UK house price growth accelerated in February, with the average property value standing 4.5% higher than a year ago. 

A 0.6% month-on-month price increase in February took the average UK property value to £205,846, new figures from the Nationwide Building Society show. 

In January, UK annual house price growth had stood at 4.3% and house prices had increased by 0.2% month-on-month.

Robert Gardner, Nationwide's chief economist, said a small rise in house prices of around 2% is more likely than a decline over the course of 2017, as low mortgage rates and a dearth of homes on the market continues to support prices. 

"Recent data suggests that the UK economy has continued to perform relatively strongly," he stated. 

"The outlook is uncertain, but we, along with most other forecasters, expect the UK economy to slow through 2017 as heightened uncertainty weighs on business investment and hiring," the economist said.
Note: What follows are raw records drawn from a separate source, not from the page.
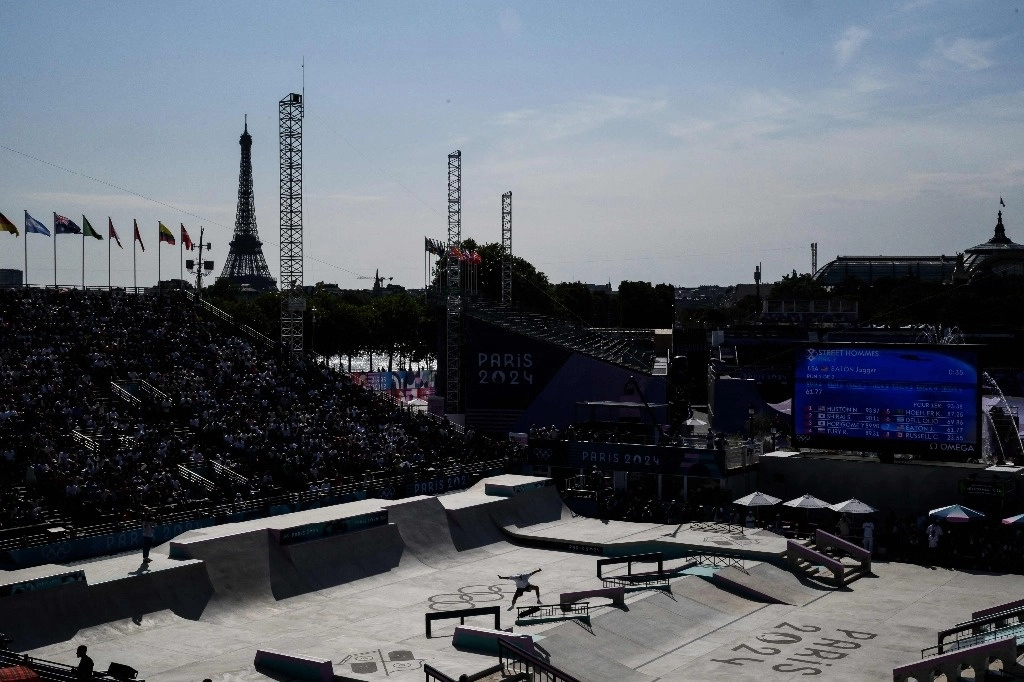 Competencia preliminar de skateboarding masculino, con la Torre Eiffel de fondo durante los Juegos Olímpicos de París, el 29 de julio de 2024. Foto Afp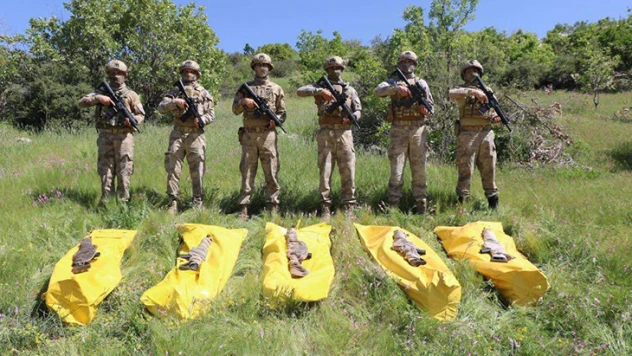 5 Terörist etkisiz hale getirildi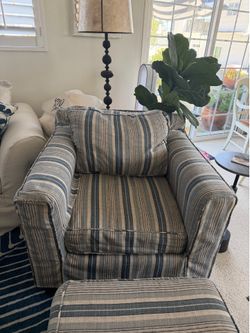 Roll Arm Chair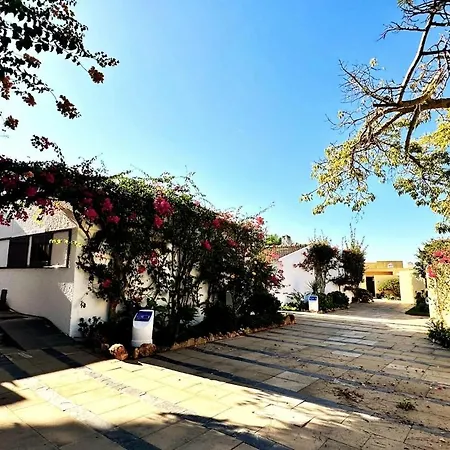 With Bbq And Pool In Vilamoura Картейра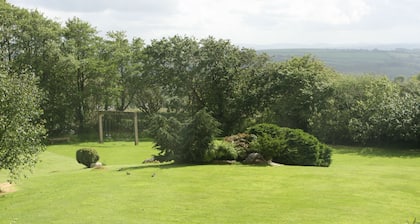 2 Bedroom Accommodation in Two Acres Of Gardens on edge of village of Blisland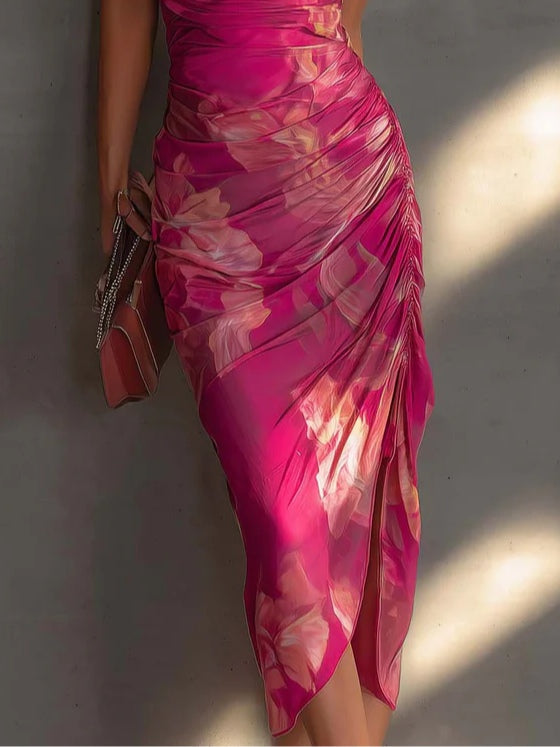Robe moulante fuchsia à imprimé floral, sans manches, froncée et fendue sur le côté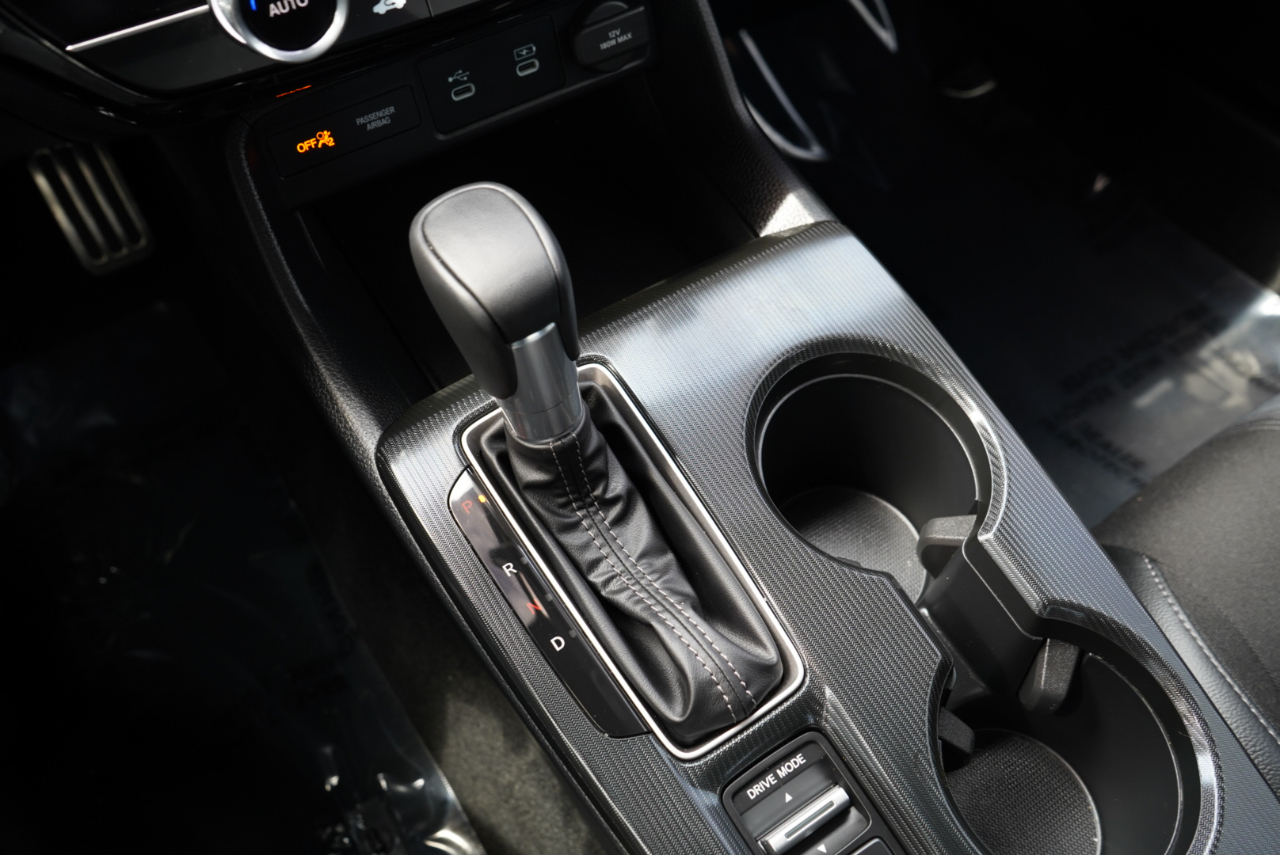 Honda Civic Sedan Sport CVT 2025
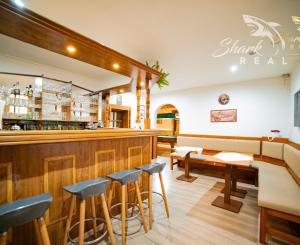 VÝRAZNÁ ZĽAVA! Očarujúci penzión s reštauráciou, bazénom, welness a ihriskom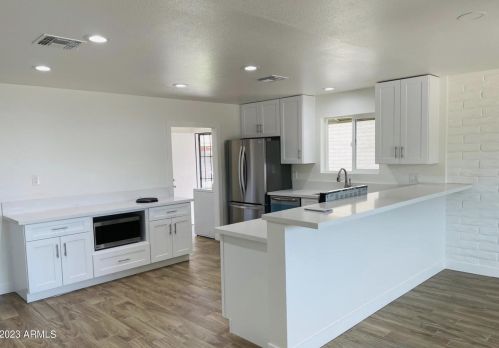 6209 12th Pl, Phoenix, AZ 85014-1768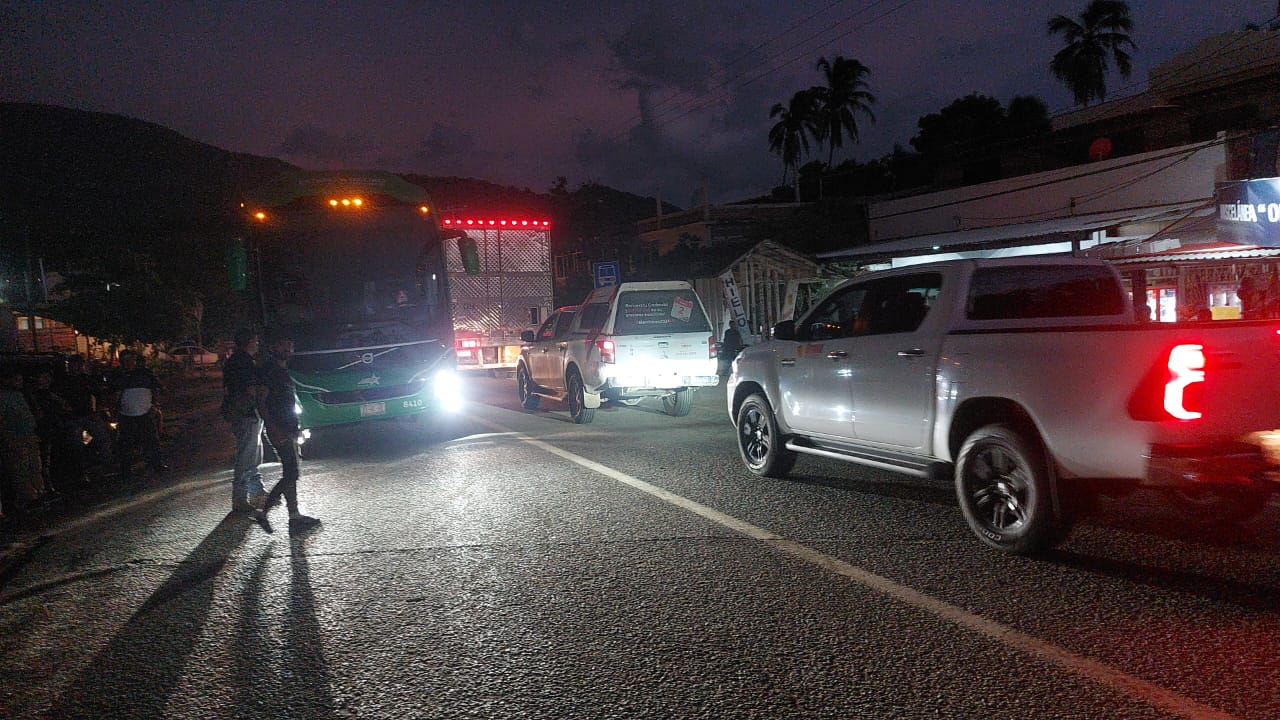 Gobierno de Guerrero logra la liberación de la carretera federal Acapulco-Zihuatanejo en la Costa Grande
"Consumer spending, a key engine of growth in recent quarters, is also likely to be impacted by rising inflation in the months ahead as a result of the weaker pound," he added. 

Mr Gardner also said cash buyers are a more important driver of the housing market than they were a decade ago. 

He said the share of cash transactions has increased significantly, from around 20% in 2005-2006 to around 35% in 2008, remaining fairly constant since then. 

"The sharp increase in the share of cash purchases in 2007 and 2008 was a function of mortgage transactions declining sharply, rather than the amount of cash transactions increasing," he explained.

"This reflects the impact of adverse labour market conditions and the tightening of credit conditions during the financial crisis, which limited the number of people able to buy with a mortgage, while fewer such constraints would have applied to cash purchasers," he added.

UK cash sales rose to a peak of 38.9% of transactions in the first quarter of 2016, as buy-to-let investors rushed to beat a stamp duty hike imposed last April.

The ageing population in the UK is also prompting more cash sales, with people who are downsizing for example being more likely to buy their new home in cash, having paid off their mortgage years ago.

In London, the share of cash purchases tends to be lower than the UK generally, with house prices in the capital being more than double the UK average.